Nie bez znaczenia będzie również integracja złóż i związanego z nimi wydobycia połączonych firm. Tę synergię doskonale ukazuje kluczowy dla bezpieczeństwa energetycznego Polski projekt gazociągu Baltic Pipe. Zintegrowane złoża gazu na szelfie norweskim należące do PGNiG i PKN Orlen (po przejęciu Grupy Lotos) zwiększą wydobycie własne błękitnego paliwa, które będzie kierowane do naszego kraju. Takich przykładów jest więcej.
Zintegrowanie kontraktacji, zarządzania aktywami, strategii inwestycyjnej to najważniejsze korzyści z połączenia. Synergii z połączenia PKN Orlen i PGNiG jest prawdopodobnie więcej niż w przypadku Grupy Lotos. Mniej jest również wątpliwości.
Fuzja PKN Orlen i Grupy Lotos stała się faktem. Analizujemy o co w niej chodzi
Wątpliwości dotyczące wchłonięcia PGNiG
Podstawowym zarzutem dotyczącym przejęcia gazowego potentata przez płocki koncern w debacie publicznej pozostaje kwestia magazynów gazu. Część komentatorów twierdzi, że zostaną one sprzedane co mogłoby nadwyrężyć bezpieczeństwo energetyczne państwa w realiach toczącej się wojny gazowej. Tymczasem warunki narzucone przez UOKiK mówią o zmianie właściciela podmiotu będącego operatorem magazynów tj. spółki Gas Storage Poland. To istotna różnica. Magazyny pozostaną bowiem własnością koncernu multienergetycznego, a zmieni się jedynie ich operator, zapewne na inna polską spółką powiązaną ze skarbem państwa.
Innych kwestii związanych z krytyką przejęcia przez PKN Orlen grupy PGNiG właściwie nie ma, co pokazuje, że synergia wynikająca z połączenia tych podmiotów jest bardzo duża.
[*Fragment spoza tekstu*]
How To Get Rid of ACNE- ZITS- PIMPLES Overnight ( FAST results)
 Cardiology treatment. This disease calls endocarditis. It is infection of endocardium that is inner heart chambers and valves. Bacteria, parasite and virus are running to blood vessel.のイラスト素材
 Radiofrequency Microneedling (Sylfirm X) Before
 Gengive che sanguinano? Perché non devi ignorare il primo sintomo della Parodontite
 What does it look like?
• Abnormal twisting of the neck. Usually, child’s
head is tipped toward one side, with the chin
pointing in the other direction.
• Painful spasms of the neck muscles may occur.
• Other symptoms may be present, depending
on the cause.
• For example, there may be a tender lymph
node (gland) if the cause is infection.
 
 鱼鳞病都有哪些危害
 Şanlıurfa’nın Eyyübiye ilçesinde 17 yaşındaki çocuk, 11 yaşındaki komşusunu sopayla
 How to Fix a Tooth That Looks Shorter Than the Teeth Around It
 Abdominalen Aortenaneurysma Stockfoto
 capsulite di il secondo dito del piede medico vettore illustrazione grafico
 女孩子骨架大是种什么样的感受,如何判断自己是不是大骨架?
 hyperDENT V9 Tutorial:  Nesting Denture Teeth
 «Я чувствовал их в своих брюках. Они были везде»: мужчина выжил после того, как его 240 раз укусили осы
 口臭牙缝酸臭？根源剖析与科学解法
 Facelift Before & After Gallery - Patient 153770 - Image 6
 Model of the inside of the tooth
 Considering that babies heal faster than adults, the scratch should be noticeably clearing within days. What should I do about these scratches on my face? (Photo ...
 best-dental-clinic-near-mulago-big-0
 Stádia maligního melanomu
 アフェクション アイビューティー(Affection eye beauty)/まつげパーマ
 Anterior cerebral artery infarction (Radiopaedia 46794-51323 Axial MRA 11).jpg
Pewne obawy są jedynie związane z czasem w jakim cała operacja się dokonuje. Październik/listopad będzie szczytowym okresem kryzysu energetycznego i paliwowego, a kwestia zaopatrzenia Europy w gaz staje się coraz bardziej paląca. Jednak tak naprawdę nie ma dobrych momentów na łączenie dużych firm, a obecne kierownictwo Orlenu i PGNiG jest ze sobą ściśle związane od miesięcy i zapewne wspólnie koordynuje najważniejsze działania. Na poziomie operacyjnym wygląda to więc zapewne inaczej niż to przedstawiają niektóre media.
Co z tego wynika?
Budowa dużego koncernu multienergetycznego to naturalny proces, który większość kapitału zachodniego operującego w branży energetyczno – paliwowej ma już dawno za sobą.
Skala wyzwań geopolitycznych i rynkowych od kwestii szybkiego porzucenia paliw z Rosji po wysokie tempo procesu osiągania neutralności emisyjnej wymaga jednego zcentralizowanego ośrodka, który stanie się „koniem roboczym” transformacji energetycznej w Polsce.
Tę rolę z powodzeniem może pełnić połączony PKN Orlen wraz z Grupą PGNiG. Synergia w zakresie kontraktacji surowców, integracji wydobycia, rozwoju nowych technologii kompatybilnych z Zielonym Ładem i wielu innych obszarów wspólnej działalności jest aż nadto widoczna. Cały proces mimo licznych napięć politycznych budzi też o wiele mniej wątpliwości aniżeli łączenie PKN Orlen i Grupy Lotos o czym świadczy dyskurs publiczny.